Brief
Output the full listing exactly as written, with no pictures in it.

Supplied material
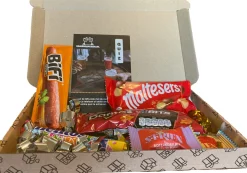Samenquizzen Kerstpakketten^Pubquiz Brievenbus Cadeaupakket - Kerstpakket - Klein Cadeau - Kerstpakket - Brievenbus Bedankje Personeel - Verjaardagscadeau - Cadeau Voor Mannen - Cadeautje Voor Vrouwen - Brievenbuscadeau - Attentie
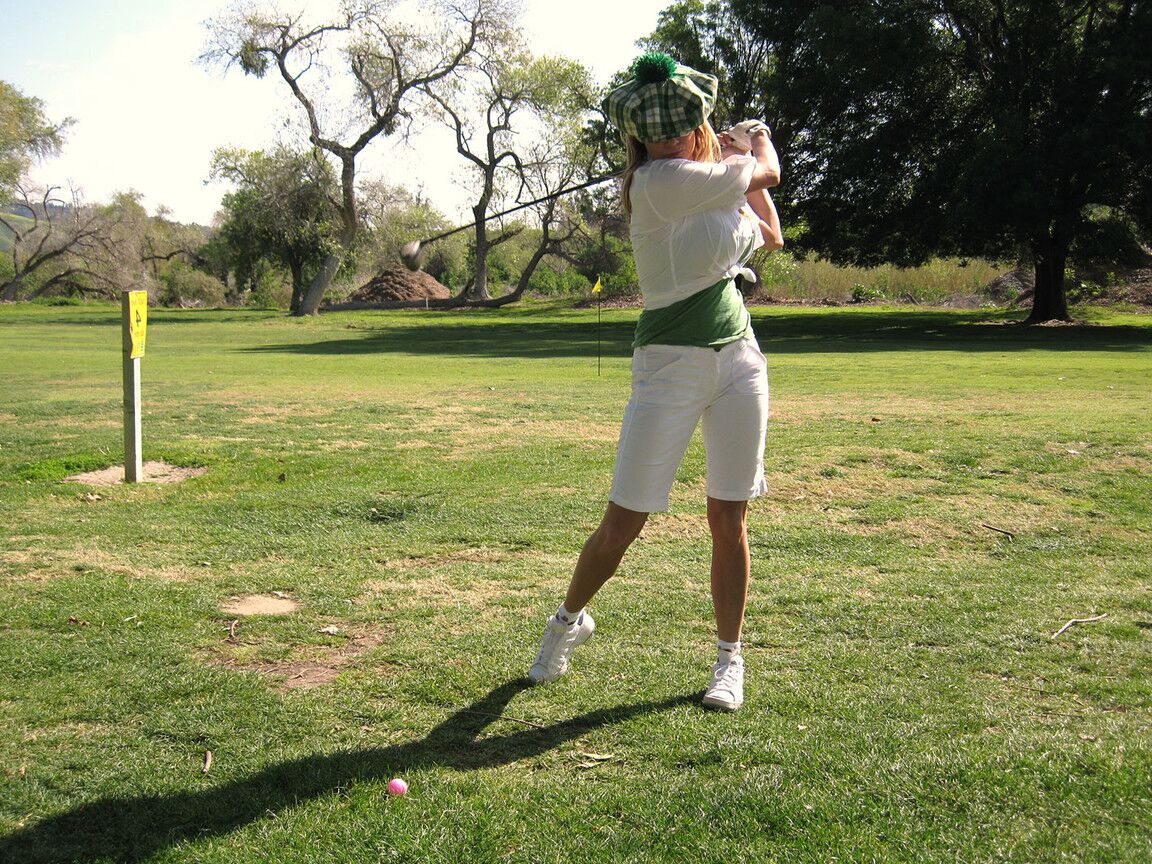 17P Mulher madura e suja Kelly Madison fica nua após a partida de golfe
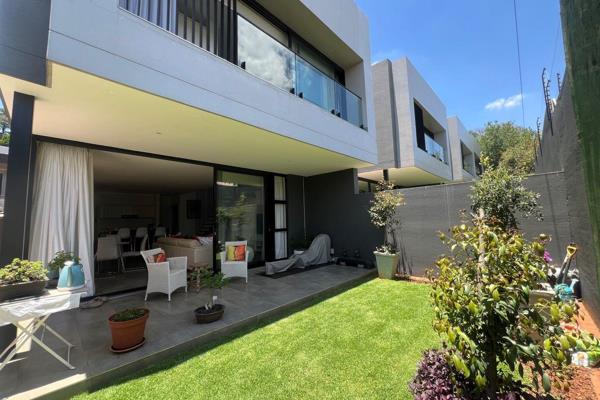 Ultra Modern 3 Bedroom Town House 

This contemporary townhouse is  224 sqm
 
Open plan granite topped kitchen with gas hob and ...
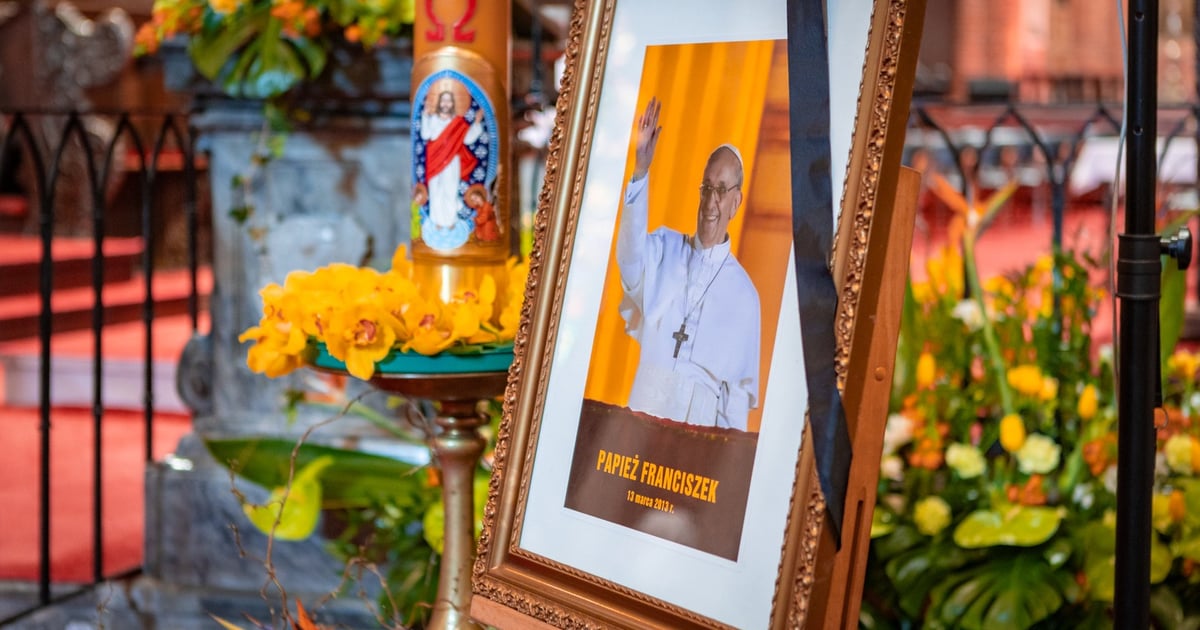 Pożegnanie papieża Franciszka. Uroczyste msze w katedrze i wspomnienie metropolity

Answer box
Samenquizzen Kerstpakketten^Pubquiz Brievenbus Cadeaupakket - Kerstpakket - Klein Cadeau - Kerstpakket - Brievenbus Bedankje Personeel - Verjaardagscadeau - Cadeau Voor Mannen - Cadeautje Voor Vrouwen - Brievenbuscadeau - Attentie
 17P Mulher madura e suja Kelly Madison fica nua após a partida de golfe
 Ultra Modern 3 Bedroom Town House 

This contemporary townhouse is  224 sqm
 
Open plan granite topped kitchen with gas hob and ...
 Pożegnanie papieża Franciszka. Uroczyste msze w katedrze i wspomnienie metropolity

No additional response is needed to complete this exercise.